● **What needs to be done**
Line by line, reproduce the material below exactly.

● **Excerpted data**
========================================

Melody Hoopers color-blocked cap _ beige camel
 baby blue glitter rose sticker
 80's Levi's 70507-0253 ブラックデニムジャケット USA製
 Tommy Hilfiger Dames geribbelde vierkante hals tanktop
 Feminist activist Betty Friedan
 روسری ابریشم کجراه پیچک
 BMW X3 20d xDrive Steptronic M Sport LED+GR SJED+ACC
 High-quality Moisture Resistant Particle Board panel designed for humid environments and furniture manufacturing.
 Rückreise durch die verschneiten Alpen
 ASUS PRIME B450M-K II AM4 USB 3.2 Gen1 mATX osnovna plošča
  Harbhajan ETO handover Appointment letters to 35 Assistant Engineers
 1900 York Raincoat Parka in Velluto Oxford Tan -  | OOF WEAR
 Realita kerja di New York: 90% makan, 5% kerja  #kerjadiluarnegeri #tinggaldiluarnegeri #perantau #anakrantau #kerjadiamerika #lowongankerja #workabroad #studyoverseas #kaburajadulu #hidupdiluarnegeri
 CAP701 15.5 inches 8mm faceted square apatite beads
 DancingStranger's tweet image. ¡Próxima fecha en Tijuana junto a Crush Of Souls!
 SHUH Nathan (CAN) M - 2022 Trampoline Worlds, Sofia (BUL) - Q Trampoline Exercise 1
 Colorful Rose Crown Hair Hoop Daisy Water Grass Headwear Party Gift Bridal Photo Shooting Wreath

========================================

● **Result**
Melody Hoopers color-blocked cap _ beige camel
 baby blue glitter rose sticker
 80's Levi's 70507-0253 ブラックデニムジャケット USA製
 Tommy Hilfiger Dames geribbelde vierkante hals tanktop
 Feminist activist Betty Friedan
 روسری ابریشم کجراه پیچک
 BMW X3 20d xDrive Steptronic M Sport LED+GR SJED+ACC
 High-quality Moisture Resistant Particle Board panel designed for humid environments and furniture manufacturing.
 Rückreise durch die verschneiten Alpen
 ASUS PRIME B450M-K II AM4 USB 3.2 Gen1 mATX osnovna plošča
  Harbhajan ETO handover Appointment letters to 35 Assistant Engineers
 1900 York Raincoat Parka in Velluto Oxford Tan -  | OOF WEAR
 Realita kerja di New York: 90% makan, 5% kerja  #kerjadiluarnegeri #tinggaldiluarnegeri #perantau #anakrantau #kerjadiamerika #lowongankerja #workabroad #studyoverseas #kaburajadulu #hidupdiluarnegeri
 CAP701 15.5 inches 8mm faceted square apatite beads
 DancingStranger's tweet image. ¡Próxima fecha en Tijuana junto a Crush Of Souls!
 SHUH Nathan (CAN) M - 2022 Trampoline Worlds, Sofia (BUL) - Q Trampoline Exercise 1
 Colorful Rose Crown Hair Hoop Daisy Water Grass Headwear Party Gift Bridal Photo Shooting Wreath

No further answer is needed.